Menyambut Pagi di Gerbang Majapahit

Candi Bajang Ratu di pagi hari dengan cahaya lembut dan suasana tenang, dikelilingi pepohonan hijau.
Candi Bajang Ratu di pagi hari adalah kesempatan untuk merenung, di tengah cahaya lembut dan udara yang masih murni. (Foto: Moonstar)

Pagi itu, udara Desa Temon di Trowulan, Mojokerto, masih dingin seperti selimut tipis yang belum sepenuhnya tersibak oleh hangatnya mentari.

Dari kejauhan, Candi Bajang Ratu berdiri anggun di tengah hamparan taman hijau. Setiap langkah mendekatinya terasa seperti menapaki lorong waktu, mengantarkan kita kembali ke masa lalu yang sunyi.

Sinar matahari pagi menembus celah pepohonan, jatuh ke permukaan bata merah yang menyusun tubuh candi.

Warna bata yang semula redup oleh embun perlahan berpendar menjadi merah keemasan pancaran baru yang membangkitkan kembali bayangan kejayaan Majapahit.
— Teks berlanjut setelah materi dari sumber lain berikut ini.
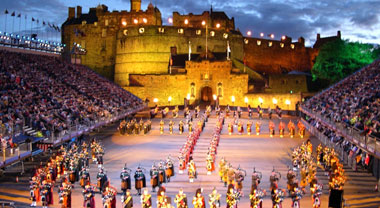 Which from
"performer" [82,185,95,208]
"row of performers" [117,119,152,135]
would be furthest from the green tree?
"performer" [82,185,95,208]

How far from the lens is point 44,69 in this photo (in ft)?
129

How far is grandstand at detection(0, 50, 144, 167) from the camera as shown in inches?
842

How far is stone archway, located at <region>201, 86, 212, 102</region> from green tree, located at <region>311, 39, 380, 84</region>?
45.5 ft

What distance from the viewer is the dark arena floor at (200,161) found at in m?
16.9

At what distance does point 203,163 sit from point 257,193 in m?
8.39

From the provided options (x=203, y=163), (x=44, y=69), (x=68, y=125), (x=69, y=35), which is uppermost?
(x=69, y=35)

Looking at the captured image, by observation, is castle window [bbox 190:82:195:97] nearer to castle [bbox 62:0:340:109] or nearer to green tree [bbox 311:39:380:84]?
castle [bbox 62:0:340:109]

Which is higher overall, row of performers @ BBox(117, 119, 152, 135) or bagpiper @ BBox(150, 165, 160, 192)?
row of performers @ BBox(117, 119, 152, 135)

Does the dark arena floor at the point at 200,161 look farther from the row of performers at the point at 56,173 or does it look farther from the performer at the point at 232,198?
the performer at the point at 232,198

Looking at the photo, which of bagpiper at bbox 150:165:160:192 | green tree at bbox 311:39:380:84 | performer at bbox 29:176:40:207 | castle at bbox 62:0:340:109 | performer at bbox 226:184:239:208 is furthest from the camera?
castle at bbox 62:0:340:109

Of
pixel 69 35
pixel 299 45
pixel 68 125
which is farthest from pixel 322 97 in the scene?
pixel 69 35

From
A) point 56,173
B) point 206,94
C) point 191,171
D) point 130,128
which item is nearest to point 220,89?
point 206,94

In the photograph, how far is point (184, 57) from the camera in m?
56.8

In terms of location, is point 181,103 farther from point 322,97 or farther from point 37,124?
point 37,124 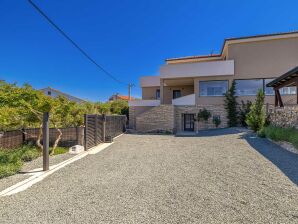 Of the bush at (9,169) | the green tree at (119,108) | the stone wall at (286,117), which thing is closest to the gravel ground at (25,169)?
the bush at (9,169)

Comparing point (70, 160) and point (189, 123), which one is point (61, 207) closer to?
point (70, 160)

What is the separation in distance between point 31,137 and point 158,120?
1126cm

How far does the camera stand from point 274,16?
12688 mm

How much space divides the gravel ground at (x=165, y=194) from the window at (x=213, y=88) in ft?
43.4

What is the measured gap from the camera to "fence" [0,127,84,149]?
337 inches

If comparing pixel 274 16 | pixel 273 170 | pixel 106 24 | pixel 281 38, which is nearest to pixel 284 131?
pixel 273 170

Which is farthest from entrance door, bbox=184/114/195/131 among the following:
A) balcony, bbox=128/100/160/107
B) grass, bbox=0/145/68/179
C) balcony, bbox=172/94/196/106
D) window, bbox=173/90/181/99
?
Result: grass, bbox=0/145/68/179

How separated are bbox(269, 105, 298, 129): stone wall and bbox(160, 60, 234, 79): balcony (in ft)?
21.6

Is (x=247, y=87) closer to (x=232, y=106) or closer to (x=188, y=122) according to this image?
(x=232, y=106)

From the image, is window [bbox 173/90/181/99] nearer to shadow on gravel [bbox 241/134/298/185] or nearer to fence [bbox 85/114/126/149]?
fence [bbox 85/114/126/149]

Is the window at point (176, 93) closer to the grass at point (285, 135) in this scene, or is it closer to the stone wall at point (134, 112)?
the stone wall at point (134, 112)

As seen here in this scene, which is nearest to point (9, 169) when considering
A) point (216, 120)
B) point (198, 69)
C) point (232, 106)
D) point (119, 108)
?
point (216, 120)

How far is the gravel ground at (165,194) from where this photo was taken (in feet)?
10.7

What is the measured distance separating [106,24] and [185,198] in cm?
1482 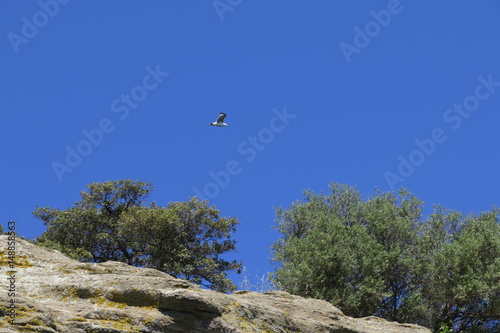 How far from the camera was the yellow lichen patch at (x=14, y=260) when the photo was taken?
14.3 metres

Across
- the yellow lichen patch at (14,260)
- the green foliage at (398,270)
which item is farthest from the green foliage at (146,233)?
the yellow lichen patch at (14,260)

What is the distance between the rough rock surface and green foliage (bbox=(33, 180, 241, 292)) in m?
36.9

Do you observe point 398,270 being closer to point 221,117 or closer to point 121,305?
point 221,117

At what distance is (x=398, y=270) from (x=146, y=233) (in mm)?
21116

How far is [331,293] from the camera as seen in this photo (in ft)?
125

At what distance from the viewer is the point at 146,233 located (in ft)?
176

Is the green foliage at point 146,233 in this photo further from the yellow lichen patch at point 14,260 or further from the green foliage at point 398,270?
the yellow lichen patch at point 14,260

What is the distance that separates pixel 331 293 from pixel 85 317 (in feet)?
91.2

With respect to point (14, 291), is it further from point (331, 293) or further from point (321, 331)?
point (331, 293)

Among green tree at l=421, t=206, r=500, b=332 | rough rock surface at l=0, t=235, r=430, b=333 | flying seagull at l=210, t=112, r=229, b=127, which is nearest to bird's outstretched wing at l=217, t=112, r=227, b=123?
flying seagull at l=210, t=112, r=229, b=127

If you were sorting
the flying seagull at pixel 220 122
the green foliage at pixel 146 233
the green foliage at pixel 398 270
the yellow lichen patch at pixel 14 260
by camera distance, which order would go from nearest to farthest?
the yellow lichen patch at pixel 14 260
the flying seagull at pixel 220 122
the green foliage at pixel 398 270
the green foliage at pixel 146 233

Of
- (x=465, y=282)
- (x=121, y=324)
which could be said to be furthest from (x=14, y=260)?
(x=465, y=282)

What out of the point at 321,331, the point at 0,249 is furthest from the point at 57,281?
the point at 321,331

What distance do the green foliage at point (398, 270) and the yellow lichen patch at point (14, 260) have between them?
25.3m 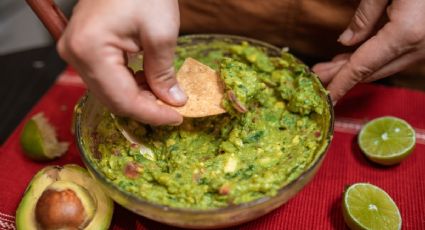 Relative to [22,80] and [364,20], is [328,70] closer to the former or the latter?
[364,20]

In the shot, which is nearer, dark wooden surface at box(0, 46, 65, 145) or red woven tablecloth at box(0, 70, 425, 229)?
red woven tablecloth at box(0, 70, 425, 229)

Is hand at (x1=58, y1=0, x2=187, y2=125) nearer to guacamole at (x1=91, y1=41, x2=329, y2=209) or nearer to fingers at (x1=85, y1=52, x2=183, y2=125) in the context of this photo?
fingers at (x1=85, y1=52, x2=183, y2=125)

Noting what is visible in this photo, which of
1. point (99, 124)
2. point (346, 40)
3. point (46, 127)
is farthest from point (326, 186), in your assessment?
point (46, 127)

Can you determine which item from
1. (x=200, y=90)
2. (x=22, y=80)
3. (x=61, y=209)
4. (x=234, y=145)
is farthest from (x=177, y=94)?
(x=22, y=80)

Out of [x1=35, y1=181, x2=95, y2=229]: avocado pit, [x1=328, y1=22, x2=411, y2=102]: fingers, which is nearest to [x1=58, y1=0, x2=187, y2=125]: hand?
[x1=35, y1=181, x2=95, y2=229]: avocado pit

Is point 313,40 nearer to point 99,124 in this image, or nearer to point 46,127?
point 99,124

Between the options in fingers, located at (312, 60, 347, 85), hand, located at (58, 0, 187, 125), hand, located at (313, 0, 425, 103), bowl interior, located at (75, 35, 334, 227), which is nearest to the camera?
hand, located at (58, 0, 187, 125) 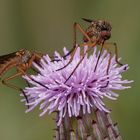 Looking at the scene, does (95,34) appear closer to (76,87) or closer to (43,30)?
(76,87)

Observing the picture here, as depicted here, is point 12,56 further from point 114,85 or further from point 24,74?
point 114,85

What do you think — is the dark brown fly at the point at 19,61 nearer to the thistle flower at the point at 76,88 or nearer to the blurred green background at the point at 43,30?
the thistle flower at the point at 76,88

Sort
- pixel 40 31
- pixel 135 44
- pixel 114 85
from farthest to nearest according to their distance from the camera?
pixel 40 31
pixel 135 44
pixel 114 85

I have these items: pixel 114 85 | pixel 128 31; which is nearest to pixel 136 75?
pixel 128 31

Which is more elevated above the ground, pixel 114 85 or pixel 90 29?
pixel 90 29

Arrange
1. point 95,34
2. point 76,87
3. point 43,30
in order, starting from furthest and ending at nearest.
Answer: point 43,30 < point 95,34 < point 76,87

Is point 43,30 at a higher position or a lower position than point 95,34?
higher

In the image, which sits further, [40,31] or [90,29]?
[40,31]

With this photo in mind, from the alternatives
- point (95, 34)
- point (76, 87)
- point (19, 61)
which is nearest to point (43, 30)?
point (19, 61)

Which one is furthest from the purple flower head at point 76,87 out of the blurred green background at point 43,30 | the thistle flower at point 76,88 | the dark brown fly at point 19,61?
the blurred green background at point 43,30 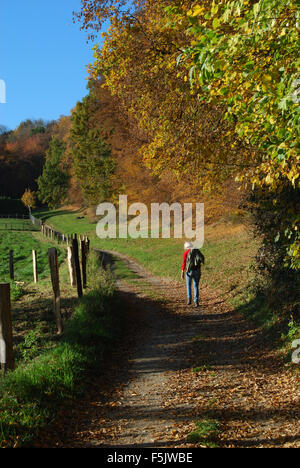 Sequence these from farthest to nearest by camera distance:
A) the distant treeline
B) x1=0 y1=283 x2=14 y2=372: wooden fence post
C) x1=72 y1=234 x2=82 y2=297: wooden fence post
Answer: the distant treeline
x1=72 y1=234 x2=82 y2=297: wooden fence post
x1=0 y1=283 x2=14 y2=372: wooden fence post

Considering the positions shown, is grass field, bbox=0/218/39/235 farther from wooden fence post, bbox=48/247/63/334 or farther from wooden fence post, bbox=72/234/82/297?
wooden fence post, bbox=48/247/63/334

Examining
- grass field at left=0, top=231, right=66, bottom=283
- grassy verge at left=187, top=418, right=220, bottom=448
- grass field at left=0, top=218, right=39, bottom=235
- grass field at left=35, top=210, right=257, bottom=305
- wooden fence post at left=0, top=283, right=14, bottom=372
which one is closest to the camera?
grassy verge at left=187, top=418, right=220, bottom=448

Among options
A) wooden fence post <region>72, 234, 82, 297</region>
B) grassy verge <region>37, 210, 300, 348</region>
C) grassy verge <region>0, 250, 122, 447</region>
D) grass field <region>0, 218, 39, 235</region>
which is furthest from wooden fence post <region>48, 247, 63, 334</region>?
grass field <region>0, 218, 39, 235</region>

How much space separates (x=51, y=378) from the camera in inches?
221

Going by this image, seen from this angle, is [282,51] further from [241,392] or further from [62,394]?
[62,394]

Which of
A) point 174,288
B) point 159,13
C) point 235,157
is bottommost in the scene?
point 174,288

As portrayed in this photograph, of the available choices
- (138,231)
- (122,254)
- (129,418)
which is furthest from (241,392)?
(138,231)

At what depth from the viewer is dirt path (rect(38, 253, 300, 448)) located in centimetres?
447

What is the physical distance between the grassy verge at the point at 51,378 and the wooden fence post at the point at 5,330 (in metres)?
0.22

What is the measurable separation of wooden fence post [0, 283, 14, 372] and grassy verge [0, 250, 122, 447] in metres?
0.22

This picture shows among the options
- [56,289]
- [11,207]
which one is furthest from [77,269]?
[11,207]

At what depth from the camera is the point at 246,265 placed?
14805mm

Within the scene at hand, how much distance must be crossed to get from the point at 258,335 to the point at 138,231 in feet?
95.2

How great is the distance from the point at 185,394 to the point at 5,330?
2.80 meters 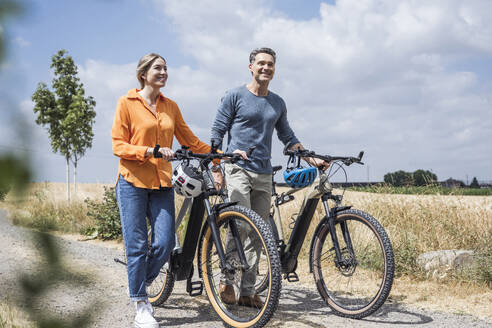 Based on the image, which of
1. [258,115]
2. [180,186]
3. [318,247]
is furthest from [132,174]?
Answer: [318,247]

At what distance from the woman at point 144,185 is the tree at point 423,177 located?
6.93 metres

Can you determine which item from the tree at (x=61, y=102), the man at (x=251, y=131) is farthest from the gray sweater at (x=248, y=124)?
the tree at (x=61, y=102)

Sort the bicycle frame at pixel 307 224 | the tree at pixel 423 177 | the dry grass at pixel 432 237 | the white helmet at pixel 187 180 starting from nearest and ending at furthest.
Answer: the white helmet at pixel 187 180 → the bicycle frame at pixel 307 224 → the dry grass at pixel 432 237 → the tree at pixel 423 177

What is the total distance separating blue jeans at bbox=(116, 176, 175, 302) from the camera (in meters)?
3.43

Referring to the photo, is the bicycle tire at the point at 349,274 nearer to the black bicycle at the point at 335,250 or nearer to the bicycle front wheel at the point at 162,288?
the black bicycle at the point at 335,250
Momen ini bukan sekadar pemandangan indah, melainkan salam pembuka dari sejarah yang masih berdenyut.

Baca juga:
🔗 Lukisan Alam Pagi Hari di Bromo: Surga yang Tersembunyi di Pulau Jawa

Jejak Sejarah di Balik Keelokan Arsitektur

Bajang Ratu adalah saksi bisu kejayaan Majapahit pada abad ke-14. Candi ini dipercaya dibangun sebagai gerbang peringatan wafatnya Raja Jayanegara, raja kedua setelah Raden Wijaya.

Menjulang setinggi ±16,5 meter, bentuknya ramping dengan atap bertingkat khas Majapahit.

Bagian atas gerbang dipenuhi ukiran halus, mulai dari motif flora hingga ornamen simbolis yang diyakini sebagai penolak bala.

Meski terbuat dari bata merah, struktur ini masih kokoh, seolah menantang waktu untuk meruntuhkannya.

Di kedua sayap gerbang, pahatan dan relief menyimpan kisah-kisah lama, menjadi pengingat bahwa setiap batu di sini adalah pesan dari para leluhur.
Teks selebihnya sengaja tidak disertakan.